Magnolia Affairs – Wedding Planning & Design
Tips provided by Karina of https://www.magnoliaaffairs.com/ (pictured).
- It’s okay to have lots of emotions right now. It’s okay to be sad, angry, upset and have all the feelings. We are there with you. Trust in your wedding professional team to help you through this.
- Reschedule, don’t cancel. Your wedding day is one that you will remember forever. Don’t cancel it. You may be frustrated, angry and sad right now but there will come a time when you will want to celebrate.
- If you have a planner- work with them! They will probably already have been in contact with the majority of your wedding pro team and can guide you on their policies and available dates.
- If you do decide to postpone your date, check with your venue for a list of available dates first. Be open to Fridays and Sundays. If you are considering a late summer date- also be open to weekdays! Weekday weddings are super popular for summer destination weddings because your guests can make a vacation out of it- and who won’t want a vacation after all this is over?!
- Pick your top 3 dates the venue has open and then check with your immediate family and wedding party on your idea of new dates first. This will help ensure that the MOST important people can make it to your new date. If you are able to keep two date options that is ideal going into the next step.

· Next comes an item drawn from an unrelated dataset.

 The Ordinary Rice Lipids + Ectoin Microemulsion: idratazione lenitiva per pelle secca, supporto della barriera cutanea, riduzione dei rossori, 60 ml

- Reach out to your wedding planner (or wedding pro team if you don’t have a planner) with your top 2 date options. Providing them with two dates will help ensure the most amount of your wedding pro team can stay intact- and that’s what you want! You chose everyone for a reason so hopefully they can provide their products/services on your new date.
-If they are not able to fulfill your new date ask if they are able to sub-contracting someone out to fill their shoes. For example: If your photographer is unable to be there in person they may be able to hire another photographer to fill their shoes. Your original photographer may still be able to edit your photos in the style you loved! Your DJ may have an associate who is available. Your hair and make-up artist may be able to hire another local artist they have worked with before. Many wedding pros have something like this already set up for “emergency circumstances” such as getting sick or a family emergency (even when we aren’t in a pandemic). If there was ever a time we have embraced “community over competition” now would be it!

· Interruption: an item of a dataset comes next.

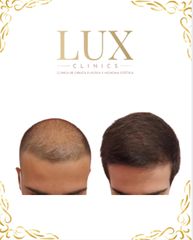Lux Clinics - Transplante Capilares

– If they don’t offer the sub-contracting option ask if they can refer anyone else- they probably know a good fit for you in the area. The wedding professional community is huge, strong, and caring- take advantage of their knowledge and the community they have.
Don’t lose sight of what your wedding day is all about. Celebrating the love you and your partner have for each other. May we all come out of this season stronger and more in love.

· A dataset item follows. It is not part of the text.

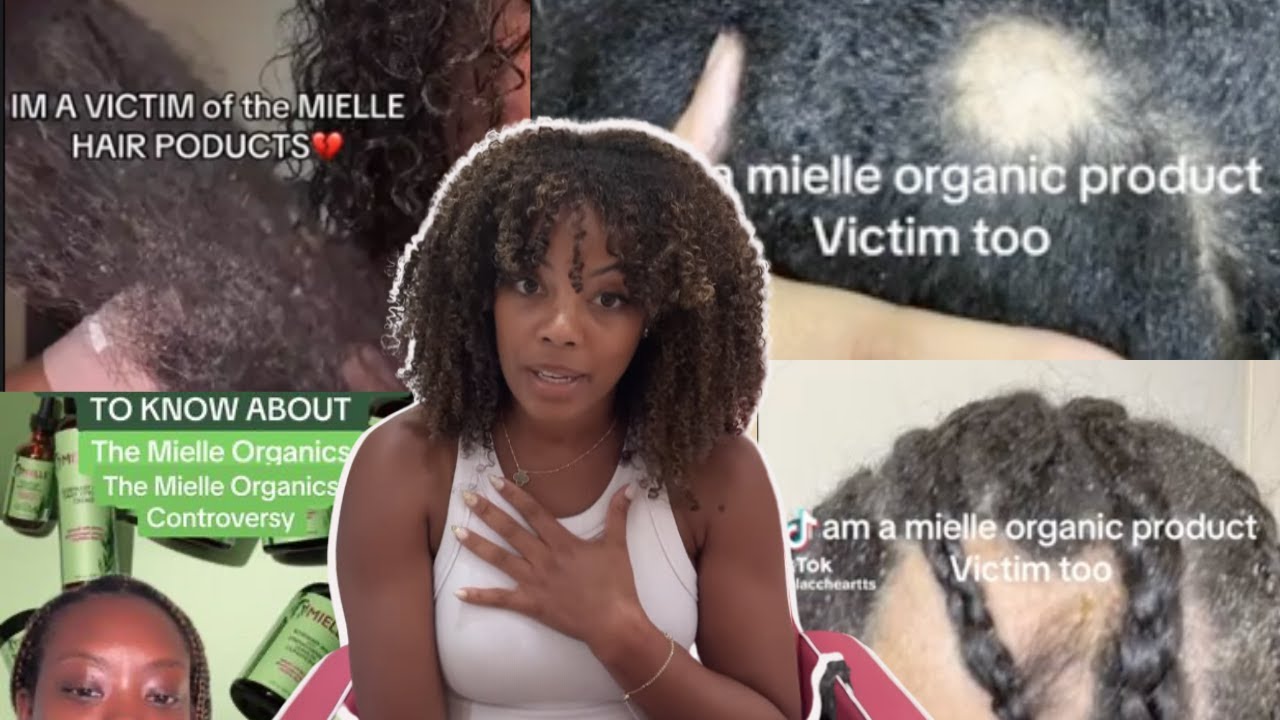 Is Mielle Cosmetics causing EXTREME hair loss?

JLK Events – DJ/Audio & Visual Services
- Please know that at JLKevents, we are so very sorry that you are even having to go through this crazy time in history when you should be enjoying your most special day. We are here for support and guidance through this process–we are in this together!
- This is a great time to work with your DJ/MC for planning….they are not working but believe me, their creative juices are flowing!! They would love nothing more than to jump on a Zoom call and go through some fun ideas and music choices with you!
- Trust your team and lean on them! This market has always had a tight knit relationship of wedding vendors and with this pandemic, the closeness has only grown. We are all leaning on each other and helping each other even more now than we ever have. Trust that you have a solid team working behind the scenes to make your rescheduled date even better than you EVER imagined!